John Stossel: The left’s war on science | Fox News

 

We’ve been told conservatives don’t believe in science and that there’s a “Republican war on science.”

But John Tierney, who’s written about science for The New York Times for 25 years and now writes for the Manhattan Institute’s City Journal, told me in my latest online video, “The real war on science is the one from the left.”

Really? Conservatives are more likely to be creationists — denying evolution.

“Right,” says Tierney. “But creationism doesn’t affect the way science is done.”

What about President George W. Bush banning government funding of stem cell research?

“He didn’t stop stem cell research,” Tierney reminds me. “The government wouldn’t fund it. It turned out that it really didn’t matter much.” Private funding continued and, so far, has not discovered much.
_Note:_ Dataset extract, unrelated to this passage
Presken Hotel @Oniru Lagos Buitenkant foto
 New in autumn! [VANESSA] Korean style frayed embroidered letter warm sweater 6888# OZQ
“People talk about this Republican war on science, but if you look around, my question is, where are the casualties? What scientists lost their jobs?” asks Tierney. “I can’t find examples where the right wing stopped the progress of science, whereas you can look on the left and you see so many areas that are taboo to research.”

Some research on genetically modified foods became taboo because of protests from the left. That may have prevented a second Green Revolution to feed Africa.

Scientists can’t even talk about whether genes affect intelligence without being threatened by the left. Political scientists who continued to investigate the topic are screamed at on college campuses, the way Charles Murray, author of “The Bell Curve,” has been.

Tierney adds, “The federal government stopped funding IQ research decades ago.”

Likewise, researching gender differences is dangerous to your career.

“You can’t talk about sexual differences between men and women, (although) it’s OK if they favor women,” laughs Tierney. “You can say men are more likely to commit crimes, but you can’t suggest that there might be some sexual difference that might predispose men to be more interested in a topic.”

Google fired engineer James Damore merely for suggesting that sex differences might explain why more men choose to work in tech.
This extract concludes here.